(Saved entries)

━━━━

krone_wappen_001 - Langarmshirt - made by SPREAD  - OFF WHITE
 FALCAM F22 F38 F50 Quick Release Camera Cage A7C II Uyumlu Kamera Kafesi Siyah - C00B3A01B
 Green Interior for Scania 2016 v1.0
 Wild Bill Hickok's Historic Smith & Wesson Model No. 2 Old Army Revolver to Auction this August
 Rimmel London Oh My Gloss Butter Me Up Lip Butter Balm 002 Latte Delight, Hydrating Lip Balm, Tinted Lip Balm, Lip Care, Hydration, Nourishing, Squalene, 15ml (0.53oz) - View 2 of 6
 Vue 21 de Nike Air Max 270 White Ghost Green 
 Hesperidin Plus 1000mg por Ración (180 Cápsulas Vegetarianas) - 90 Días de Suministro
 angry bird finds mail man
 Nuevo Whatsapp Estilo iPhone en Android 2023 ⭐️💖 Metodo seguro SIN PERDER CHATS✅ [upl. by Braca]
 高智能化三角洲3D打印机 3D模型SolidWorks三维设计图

━━━━

Exact retyping of every entry is required.

§ **RESULT**
krone_wappen_001 - Langarmshirt - made by SPREAD  - OFF WHITE
 FALCAM F22 F38 F50 Quick Release Camera Cage A7C II Uyumlu Kamera Kafesi Siyah - C00B3A01B
 Green Interior for Scania 2016 v1.0
 Wild Bill Hickok's Historic Smith & Wesson Model No. 2 Old Army Revolver to Auction this August
 Rimmel London Oh My Gloss Butter Me Up Lip Butter Balm 002 Latte Delight, Hydrating Lip Balm, Tinted Lip Balm, Lip Care, Hydration, Nourishing, Squalene, 15ml (0.53oz) - View 2 of 6
 Vue 21 de Nike Air Max 270 White Ghost Green 
 Hesperidin Plus 1000mg por Ración (180 Cápsulas Vegetarianas) - 90 Días de Suministro
 angry bird finds mail man
 Nuevo Whatsapp Estilo iPhone en Android 2023 ⭐️💖 Metodo seguro SIN PERDER CHATS✅ [upl. by Braca]
 高智能化三角洲3D打印机 3D模型SolidWorks三维设计图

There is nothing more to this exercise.